Think of it like this:

  • First, it groups similar houses together (like a traditional decision tree)
  • Then, within each group, it creates a formula that considers factors like exact square footage, number of bathrooms, etc. (using linear regression)
  • This gives you more precise predictions than a simple average for each group

This class allows you to configure how the tree is built, pruned, and how its predictions are smoothed.

Properties

MinInstancesPerLeaf

Gets or sets the minimum number of training instances required at each leaf node.

public int MinInstancesPerLeaf { get; set; }

Property Value

int

The minimum number of instances per leaf, defaulting to 4.

Remarks

This parameter controls the minimum number of training examples that must be present in a node for it to be considered a leaf.

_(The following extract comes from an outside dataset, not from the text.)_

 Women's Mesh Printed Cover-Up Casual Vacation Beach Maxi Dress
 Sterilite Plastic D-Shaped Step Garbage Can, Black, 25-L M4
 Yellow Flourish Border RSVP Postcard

If a potential split would result in a leaf with fewer instances than this threshold, the split is not performed. Higher values lead to smaller trees and help prevent overfitting, while lower values allow the tree to capture more detailed patterns in the data but increase the risk of overfitting.

For Beginners: This setting controls how detailed your decision tree can get.

Think of it like organizing a library:

  • You could have very specific categories (like "Science Fiction Books About Space Travel Published After 2010")
  • But if only 1-2 books fit that category, it might not be a useful way to organize

This setting requires each "category" (leaf node) to contain at least a certain number of examples:

  • The default value of 4 means each final category must have at least 4 training examples
  • Higher values (like 10) create broader categories, making the model simpler but possibly less precise
  • Lower values (like 2) allow for more specific categories, potentially capturing more detail but risking "memorization" of the training data rather than learning general patterns

If your model seems to be memorizing the training data but performing poorly on new data, try increasing this value. If your model seems too simplistic and misses important patterns, consider decreasing it.

PruningFactor

Gets or sets the pruning factor that controls the trade-off between model complexity and error.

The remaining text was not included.